WORK TASK :: Give the data again exactly, stopping after the "Maison typique périgourdine-Salle à manger" line.

[Stored records]
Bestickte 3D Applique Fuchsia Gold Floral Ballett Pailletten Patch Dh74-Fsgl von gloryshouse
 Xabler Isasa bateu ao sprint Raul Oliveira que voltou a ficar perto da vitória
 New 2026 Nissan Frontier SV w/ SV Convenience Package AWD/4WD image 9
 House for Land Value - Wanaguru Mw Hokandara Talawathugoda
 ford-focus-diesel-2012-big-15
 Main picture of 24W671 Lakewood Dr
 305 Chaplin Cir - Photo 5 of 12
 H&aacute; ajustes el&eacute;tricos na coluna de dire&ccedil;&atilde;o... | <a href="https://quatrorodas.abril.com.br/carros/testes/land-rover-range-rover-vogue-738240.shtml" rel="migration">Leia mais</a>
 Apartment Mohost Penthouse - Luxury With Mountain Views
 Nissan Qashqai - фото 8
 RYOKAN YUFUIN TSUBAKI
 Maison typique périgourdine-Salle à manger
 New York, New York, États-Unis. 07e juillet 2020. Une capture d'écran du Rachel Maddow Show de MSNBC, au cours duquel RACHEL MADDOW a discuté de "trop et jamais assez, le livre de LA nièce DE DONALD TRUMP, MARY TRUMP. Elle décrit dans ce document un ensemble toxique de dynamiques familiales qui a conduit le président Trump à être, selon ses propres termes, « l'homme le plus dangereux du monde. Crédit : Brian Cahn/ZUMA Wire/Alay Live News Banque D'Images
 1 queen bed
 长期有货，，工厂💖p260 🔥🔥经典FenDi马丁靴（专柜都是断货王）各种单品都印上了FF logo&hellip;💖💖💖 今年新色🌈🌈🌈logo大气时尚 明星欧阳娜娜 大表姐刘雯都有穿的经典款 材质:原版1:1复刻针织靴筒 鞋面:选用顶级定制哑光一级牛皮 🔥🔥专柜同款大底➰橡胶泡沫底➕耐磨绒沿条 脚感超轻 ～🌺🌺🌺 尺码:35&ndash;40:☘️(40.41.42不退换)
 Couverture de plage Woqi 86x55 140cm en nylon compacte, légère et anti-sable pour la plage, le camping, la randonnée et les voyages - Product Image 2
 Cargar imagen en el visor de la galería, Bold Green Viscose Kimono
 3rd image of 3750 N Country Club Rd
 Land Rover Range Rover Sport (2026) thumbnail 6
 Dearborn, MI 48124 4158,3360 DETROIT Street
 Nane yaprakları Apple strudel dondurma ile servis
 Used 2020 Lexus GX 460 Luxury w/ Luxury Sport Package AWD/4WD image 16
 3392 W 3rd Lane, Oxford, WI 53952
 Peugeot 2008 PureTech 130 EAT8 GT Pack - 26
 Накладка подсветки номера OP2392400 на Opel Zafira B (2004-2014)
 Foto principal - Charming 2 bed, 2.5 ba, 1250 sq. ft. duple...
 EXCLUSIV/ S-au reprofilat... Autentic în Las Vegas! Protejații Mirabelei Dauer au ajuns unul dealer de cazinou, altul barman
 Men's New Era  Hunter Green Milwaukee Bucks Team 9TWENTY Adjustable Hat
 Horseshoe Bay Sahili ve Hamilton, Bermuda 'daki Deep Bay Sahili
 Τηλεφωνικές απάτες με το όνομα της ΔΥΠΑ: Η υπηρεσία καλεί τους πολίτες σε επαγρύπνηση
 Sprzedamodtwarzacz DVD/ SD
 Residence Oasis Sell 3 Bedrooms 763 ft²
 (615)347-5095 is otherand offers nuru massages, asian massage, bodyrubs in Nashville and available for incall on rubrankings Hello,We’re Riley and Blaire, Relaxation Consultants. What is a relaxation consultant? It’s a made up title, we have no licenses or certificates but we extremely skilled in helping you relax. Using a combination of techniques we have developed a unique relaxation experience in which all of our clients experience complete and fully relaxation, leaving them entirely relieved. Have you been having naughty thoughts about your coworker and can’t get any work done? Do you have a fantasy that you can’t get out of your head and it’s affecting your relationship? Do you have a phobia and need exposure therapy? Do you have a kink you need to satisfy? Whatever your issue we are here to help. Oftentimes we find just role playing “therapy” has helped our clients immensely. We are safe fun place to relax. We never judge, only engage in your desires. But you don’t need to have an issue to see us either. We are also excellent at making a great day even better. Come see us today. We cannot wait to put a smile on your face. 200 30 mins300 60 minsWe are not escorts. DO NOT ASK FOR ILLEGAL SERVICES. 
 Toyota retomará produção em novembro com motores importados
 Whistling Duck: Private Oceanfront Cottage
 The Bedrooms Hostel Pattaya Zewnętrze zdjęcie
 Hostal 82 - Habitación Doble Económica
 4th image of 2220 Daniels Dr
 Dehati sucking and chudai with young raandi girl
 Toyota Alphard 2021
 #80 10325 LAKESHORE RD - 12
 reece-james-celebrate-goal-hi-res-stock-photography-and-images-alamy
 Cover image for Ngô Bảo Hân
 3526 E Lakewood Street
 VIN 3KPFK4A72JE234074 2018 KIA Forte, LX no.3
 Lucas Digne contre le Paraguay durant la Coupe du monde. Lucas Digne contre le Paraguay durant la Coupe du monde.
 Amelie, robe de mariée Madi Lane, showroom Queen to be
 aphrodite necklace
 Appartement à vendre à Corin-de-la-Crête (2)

OUTPUT OF THE EXERCISE ::
Bestickte 3D Applique Fuchsia Gold Floral Ballett Pailletten Patch Dh74-Fsgl von gloryshouse
 Xabler Isasa bateu ao sprint Raul Oliveira que voltou a ficar perto da vitória
 New 2026 Nissan Frontier SV w/ SV Convenience Package AWD/4WD image 9
 House for Land Value - Wanaguru Mw Hokandara Talawathugoda
 ford-focus-diesel-2012-big-15
 Main picture of 24W671 Lakewood Dr
 305 Chaplin Cir - Photo 5 of 12
 H&aacute; ajustes el&eacute;tricos na coluna de dire&ccedil;&atilde;o... | <a href="https://quatrorodas.abril.com.br/carros/testes/land-rover-range-rover-vogue-738240.shtml" rel="migration">Leia mais</a>
 Apartment Mohost Penthouse - Luxury With Mountain Views
 Nissan Qashqai - фото 8
 RYOKAN YUFUIN TSUBAKI
 Maison typique périgourdine-Salle à manger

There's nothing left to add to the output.